■ TASK TO COMPLETE ■
Search the records for "Chapter". Copy every line where it appears.

■ THE INPUT ■
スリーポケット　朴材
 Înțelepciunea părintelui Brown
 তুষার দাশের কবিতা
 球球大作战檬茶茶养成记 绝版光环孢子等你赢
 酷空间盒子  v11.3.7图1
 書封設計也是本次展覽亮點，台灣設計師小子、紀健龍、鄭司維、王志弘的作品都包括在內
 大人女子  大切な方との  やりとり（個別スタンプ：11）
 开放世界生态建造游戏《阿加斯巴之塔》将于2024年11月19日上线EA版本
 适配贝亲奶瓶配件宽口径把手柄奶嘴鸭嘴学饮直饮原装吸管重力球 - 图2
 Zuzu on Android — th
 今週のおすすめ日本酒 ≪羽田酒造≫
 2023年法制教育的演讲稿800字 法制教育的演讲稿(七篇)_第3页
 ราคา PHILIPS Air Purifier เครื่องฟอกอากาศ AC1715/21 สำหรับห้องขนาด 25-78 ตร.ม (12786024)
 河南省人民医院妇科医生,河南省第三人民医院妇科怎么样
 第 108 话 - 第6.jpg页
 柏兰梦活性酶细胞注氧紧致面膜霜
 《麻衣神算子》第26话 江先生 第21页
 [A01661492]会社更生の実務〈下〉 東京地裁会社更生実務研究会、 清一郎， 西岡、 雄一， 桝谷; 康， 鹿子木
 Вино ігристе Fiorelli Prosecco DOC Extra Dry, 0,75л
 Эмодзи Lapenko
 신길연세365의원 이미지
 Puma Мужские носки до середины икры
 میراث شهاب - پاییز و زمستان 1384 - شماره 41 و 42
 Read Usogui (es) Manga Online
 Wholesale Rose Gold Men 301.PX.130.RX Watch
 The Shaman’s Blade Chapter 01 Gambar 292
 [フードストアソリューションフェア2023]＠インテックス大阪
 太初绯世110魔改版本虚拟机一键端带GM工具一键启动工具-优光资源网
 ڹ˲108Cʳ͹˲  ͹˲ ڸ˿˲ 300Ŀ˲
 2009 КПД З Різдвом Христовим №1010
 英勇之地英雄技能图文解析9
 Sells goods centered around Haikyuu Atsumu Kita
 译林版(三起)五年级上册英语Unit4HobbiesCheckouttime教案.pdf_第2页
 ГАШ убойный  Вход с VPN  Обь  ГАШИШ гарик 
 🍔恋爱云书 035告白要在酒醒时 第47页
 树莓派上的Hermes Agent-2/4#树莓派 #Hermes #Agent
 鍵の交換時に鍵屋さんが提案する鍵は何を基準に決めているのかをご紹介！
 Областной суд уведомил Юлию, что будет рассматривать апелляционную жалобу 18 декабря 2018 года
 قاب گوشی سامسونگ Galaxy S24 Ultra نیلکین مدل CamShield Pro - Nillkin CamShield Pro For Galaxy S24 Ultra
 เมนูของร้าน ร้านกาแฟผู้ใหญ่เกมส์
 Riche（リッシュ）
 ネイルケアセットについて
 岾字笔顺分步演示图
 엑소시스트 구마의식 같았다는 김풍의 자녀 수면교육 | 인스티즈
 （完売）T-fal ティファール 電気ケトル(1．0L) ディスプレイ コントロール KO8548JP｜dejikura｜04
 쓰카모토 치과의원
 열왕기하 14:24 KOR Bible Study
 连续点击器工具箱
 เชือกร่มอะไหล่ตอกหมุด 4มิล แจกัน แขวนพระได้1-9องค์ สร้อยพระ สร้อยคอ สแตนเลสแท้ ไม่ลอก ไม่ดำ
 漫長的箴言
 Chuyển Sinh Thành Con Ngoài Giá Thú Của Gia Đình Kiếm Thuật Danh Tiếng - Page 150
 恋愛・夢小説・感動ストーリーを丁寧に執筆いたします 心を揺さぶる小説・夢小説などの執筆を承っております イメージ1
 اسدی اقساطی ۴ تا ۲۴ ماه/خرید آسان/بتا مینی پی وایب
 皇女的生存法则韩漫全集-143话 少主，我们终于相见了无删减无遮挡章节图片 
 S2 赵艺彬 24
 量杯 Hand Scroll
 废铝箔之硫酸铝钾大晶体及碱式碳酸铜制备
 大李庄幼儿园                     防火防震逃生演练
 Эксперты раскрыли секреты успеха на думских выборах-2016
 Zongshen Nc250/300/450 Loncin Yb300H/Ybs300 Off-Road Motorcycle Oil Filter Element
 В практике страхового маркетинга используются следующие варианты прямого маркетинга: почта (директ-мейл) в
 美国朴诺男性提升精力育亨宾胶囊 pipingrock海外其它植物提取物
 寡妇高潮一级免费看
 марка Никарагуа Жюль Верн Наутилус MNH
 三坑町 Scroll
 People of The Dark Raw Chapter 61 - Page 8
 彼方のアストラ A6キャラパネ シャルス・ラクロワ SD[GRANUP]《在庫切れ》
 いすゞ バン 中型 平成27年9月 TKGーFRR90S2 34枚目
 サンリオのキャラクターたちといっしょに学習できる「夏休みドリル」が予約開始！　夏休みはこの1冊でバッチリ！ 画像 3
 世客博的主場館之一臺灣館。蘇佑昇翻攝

■ WRITTEN ANSWER ■
 The Shaman’s Blade Chapter 01 Gambar 292
 People of The Dark Raw Chapter 61 - Page 8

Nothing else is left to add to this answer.